Heart: Low-dose CCTA delivers accuracy, less radiation than angio
Low-dose cardiac computed tomography angiography (CCTA) allows for the accurate evaluation of coronary artery disease, but with significantly less effective radiation dose to patients compared with coronary angiography, according to a study in the October issue of Heart.

According to Philipp A. Kaufmann, MD, director of nuclear cardiology at University Hospital in Zurich, Switzerland, although coronary angiography has been the “gold standard” for detecting coronary lesions, “its associated costs, morbidity and mortality have driven a search for alternatives like CCTA.”

A newer scanning protocol using prospective ECG-triggering—where scanning is limited to a narrow predefined end-diastolic phase resulting in a massive reduction in radiation exposure—has been “well received,” the authors wrote. Kaufmann and colleagues compared coronary angiography versus CCTA with prospective ECG-triggering in the same patients on a head-to-head basis.

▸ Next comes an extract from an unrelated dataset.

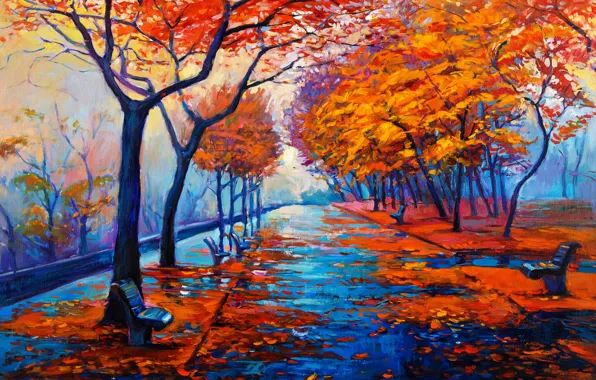 Landscape, paint, picture, painting, landscape, autumn, painting, oil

For purposes of the study, 42 patients referred for suspected coronary artery disease (CAD) were prospectively enrolled to undergo a low-dose CCTA without calcium scoring a day before coronary angiography. The symptoms for CAD included dyspnea (nine participants), typical angina pectoris (seven participants), atypical chest pain (19 participants) and pathological exercise test or ECG (14 participants).

The dose-area product of coronary angiography and dose-length product of CCTA were measured, converted into effective radiation dose and compared using Mann-Whitney U tests. Accuracy of CCTA to detect CAD was assessed using coronary angiography as the reference standard.

Kaufmann and colleagues estimated the mean effective radiation dose was approximately 8.5 mSv for coronary angiography and 2.1 mSv for CCTA. Forty patients were correctly classified as having CAD (23/23) or no CAD (17/19). More than 97 percent of segments were evaluated.

Vessel-based analysis revealed sensitivity, specificity, positive and negative predictive value of 94.2 percent, 94.8 percent, 89 percent and 97.4 percent, respectively, and an accuracy of 94.6 percent.

The authors concluded their results not only confirm the feasibility and reliability of this CCTA protocol, but with less effective radiation dose to patients compared with coronary angiography.